Former President George W. Bush said during an ABC interview aired in December that the "biggest regret" of his presidency was the absence of weapons of mass destruction in Iraq, for which the U.S. waged the war. His statement virtually acknowledges it was a war without a cause.
Strawman, but we shall proceed:
It's too late for regrets, but what about Japan? The Japanese government did support the U.S.-led war on Iraq, but it has now fallen silent as if the war is someone else's affair. Are we simply going to evade the issue by saying it was a decision by former Prime Minister Junichiro Koizumi?

If we are to maintain such an ambiguous attitude, we might as well accept the rise of people in the future who would say it was right for Japan to support the Iraq War. It is extremely important to determine how we perceive history.
You could start by telling your school kids the simple truth about World War 2 and the avanlanche of barbarism the Japanese militarists unleashed on the people of east Asia.

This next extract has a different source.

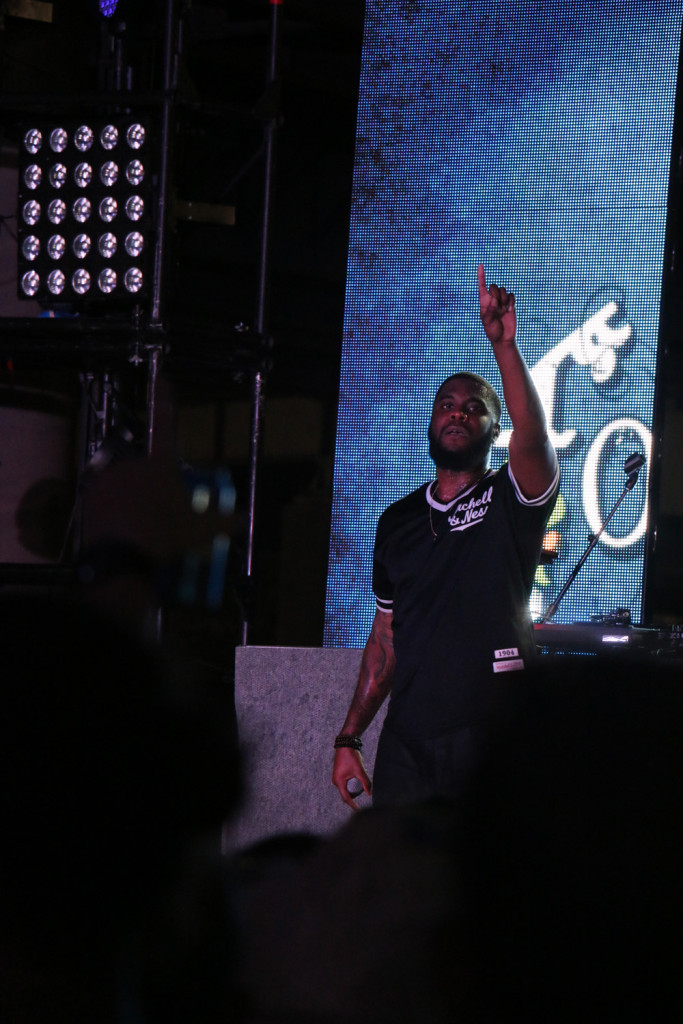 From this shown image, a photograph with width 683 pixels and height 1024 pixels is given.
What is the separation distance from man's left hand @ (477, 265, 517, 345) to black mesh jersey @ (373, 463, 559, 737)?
396 mm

Turning to President Barack Obama, I admire him for aiming to abolish nuclear weapons as the ultimate global goal, and I expect a lot from him. Because of this respect, I want him to change the U.S. belief that justifies the atomic bombings of Japan, which has been upheld by successive U.S. presidents.
Barack can spout all the lefty talking points he likes, but he has no control over "American belief."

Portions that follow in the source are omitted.